## PROBLEM
Stop after the line that contains "Hi guys, how". Until then, retype each line of the entries exactly from the first one, skipping pictures.

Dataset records
══════════════════════════════

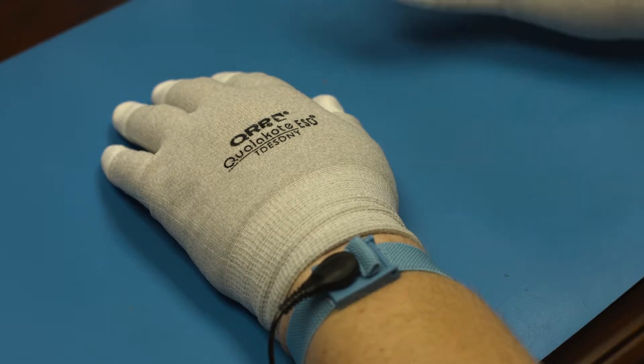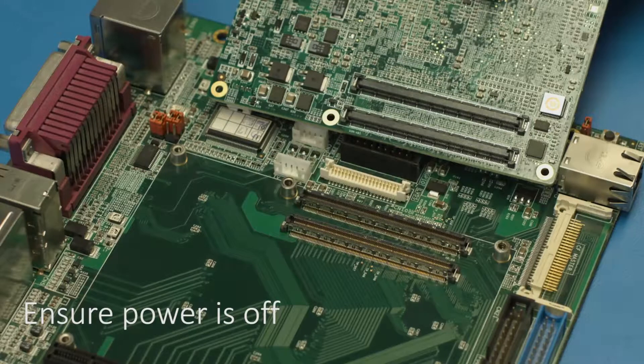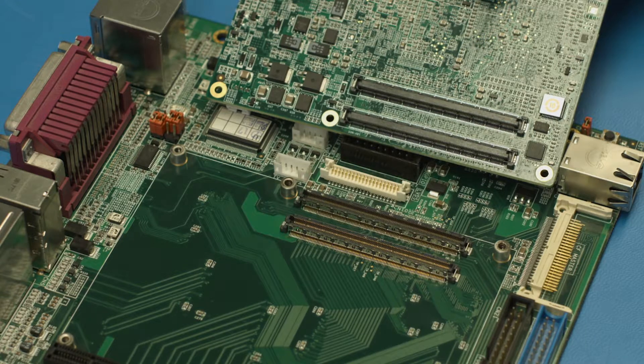When removing and installing SOM modules, make sure ESD protection is used. Ensure power is off. Verify the SOM connector and SOM socket are clean and free of any debris, corrosion, or contaminants.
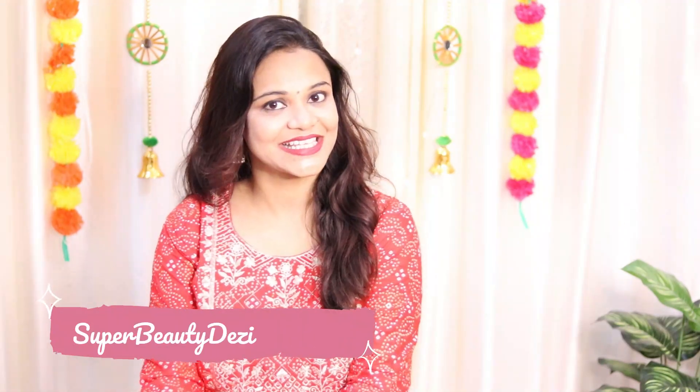Hi guys, how are you all today? Welcome you all to my channel. I am Prerna and my channel's name is Super Beauty Desires.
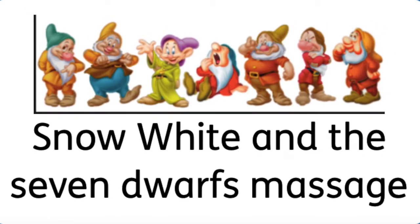Snow White and the Seven Dwarfs Massage. Hello Birch Class! Today we're going to have a go at doing a TAC Pack style session, which is something we sometimes do in school to make our body feel awake and get us ready for learning, so we can think about different parts of our body.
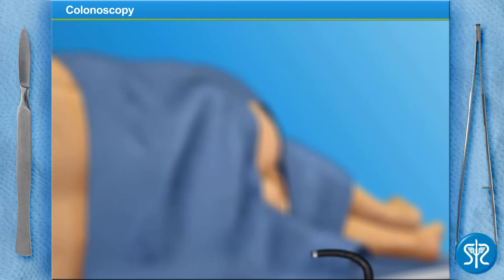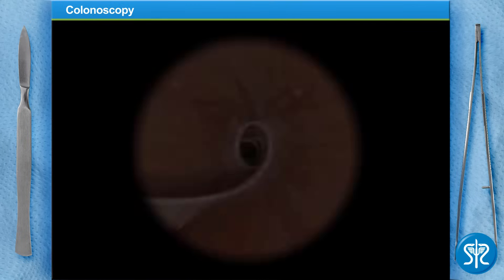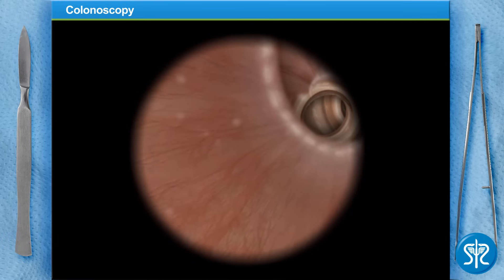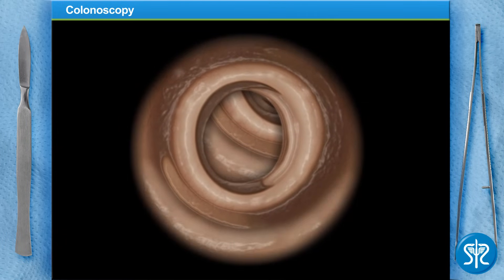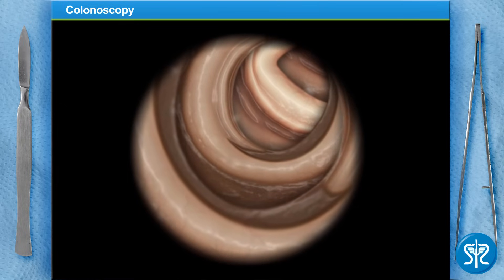Carefully insert the scope into the patient's anus and slowly move it into the colon — we can watch the camera's output on the monitor. We're into the rectum now, nothing so far. Let's move on into the sigmoid colon — slow and steady. Descending colon is next. Now is a good time to remind our patient to breathe slowly through her mouth as we do the exam.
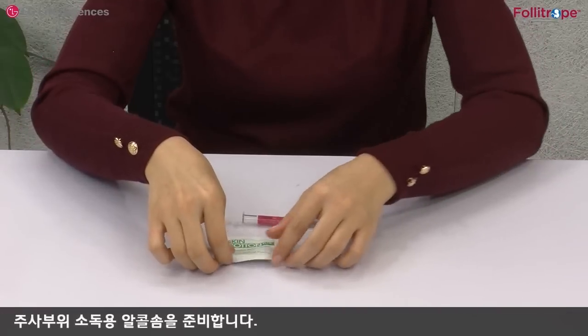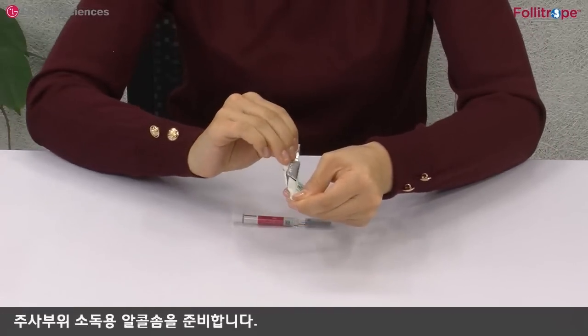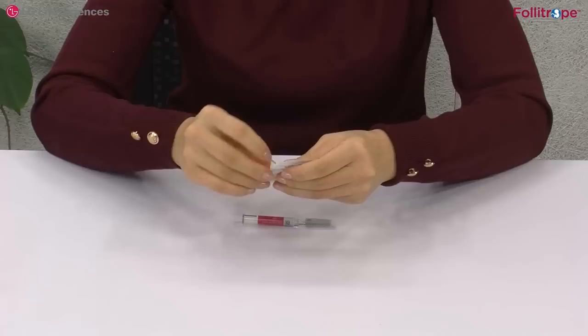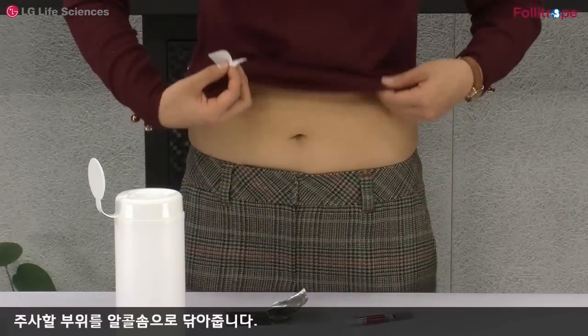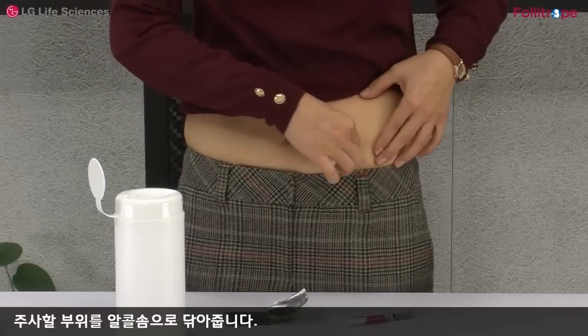주사 부위 소독용 알코올 솜을 준비합니다. 주사할 부위를 알코올 솜으로 닦아줍니다.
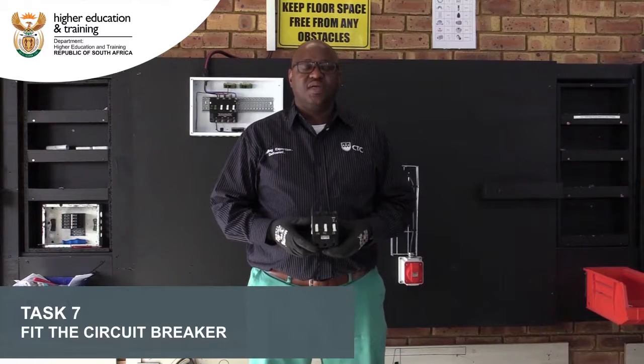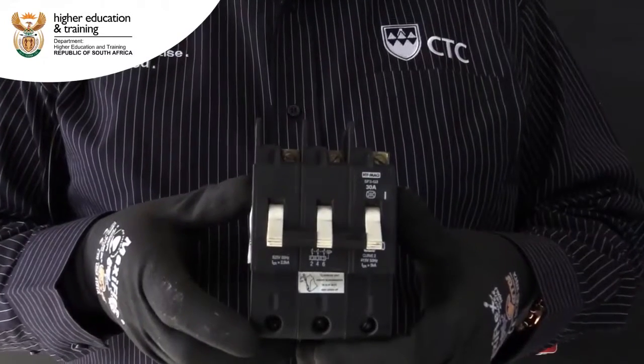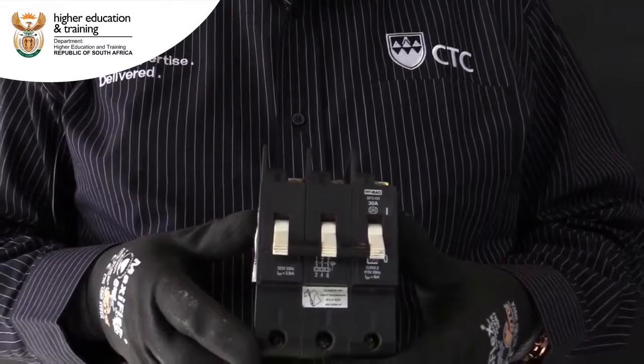We're going to fit in the 3-pole circuit breaker in the D-bit. This is the 3-pole 30-amp circuit breaker which we'll be using.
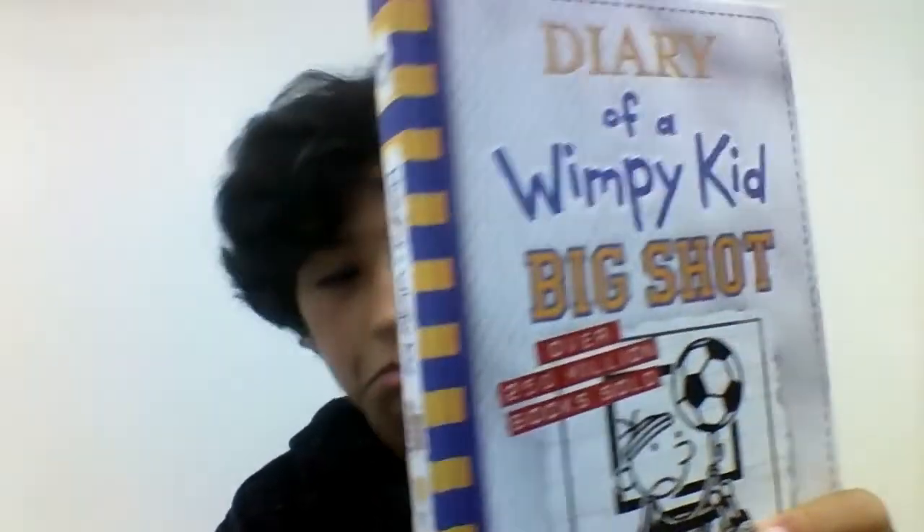Hey guys, welcome back to another video. Today I'm gonna be unboxing and reviewing Diary of the Wimpy Kid Big Shot, which is the 16th book. I'm gonna compare it to the book before it. I ripped the sticker off so you can't find my address. It's gonna be easy to open now — it looks better in person.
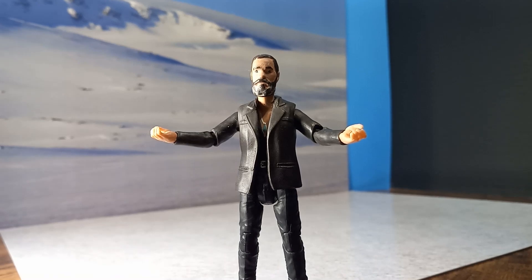Alright everyone, welcome to Street City Studio. I'm John, and in this video we're going to set up another photo shoot.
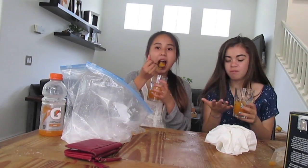Thanks guys for watching one of my new DIYs on how to make slushies for the summer. Stay tuned for more videos. Bye guys.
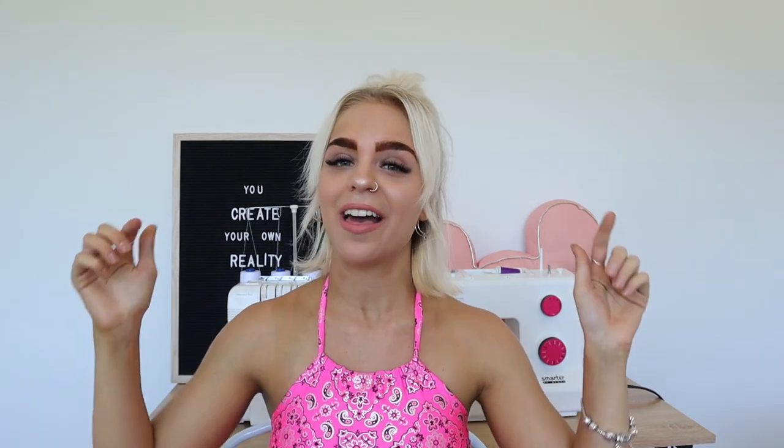If you enjoyed this tutorial and found it helpful, please be sure to leave it a thumbs up because it really supports me and my channel. And if you want to see more tutorials and get more free patterns, go ahead and subscribe down below. But I think that's going to be it for me today, guys. I will see you in my next video. Bye!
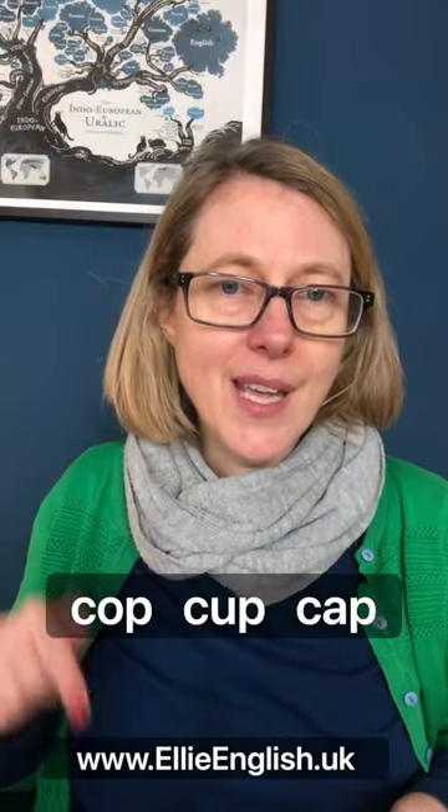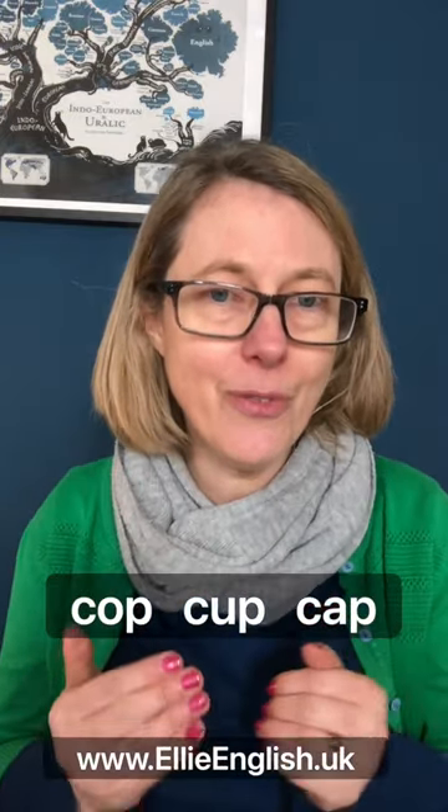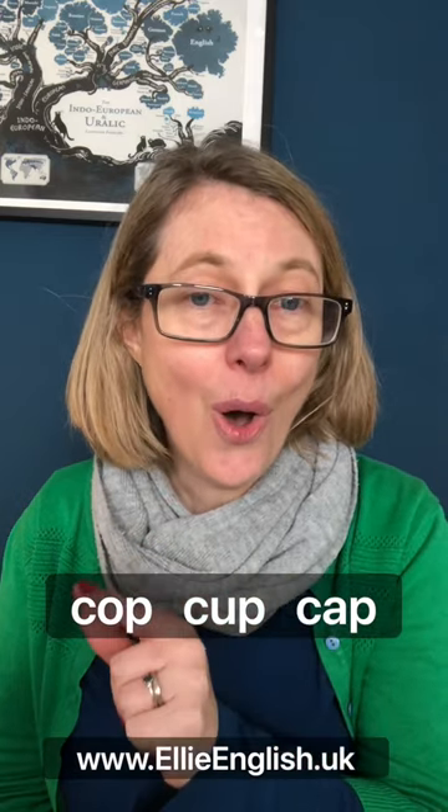Look at these three words here. Can you confidently pronounce all three of them and make them really clearly different? We have cap, cup, cop. Cap, cup, cop.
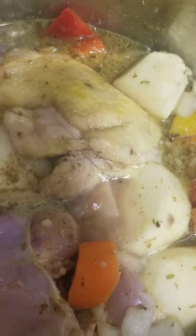I'll put it on about almost high heat. This is gonna cook for about 45 minutes. In about half an hour, I'll check it and see how it's doing.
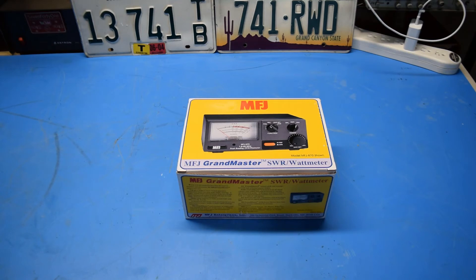Hello, and welcome to the 741 channel. Thank you for stopping by. Today we're taking a look at the MFJ870 SWR wattmeter, also known as the Grandmaster.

══════════════════════════════

## RESPONSE FOR THIS EXERCISE
When removing and installing SOM modules, make sure ESD protection is used. Ensure power is off. Verify the SOM connector and SOM socket are clean and free of any debris, corrosion, or contaminants.
Hi guys, how are you all today? Welcome you all to my channel. I am Prerna and my channel's name is Super Beauty Desires.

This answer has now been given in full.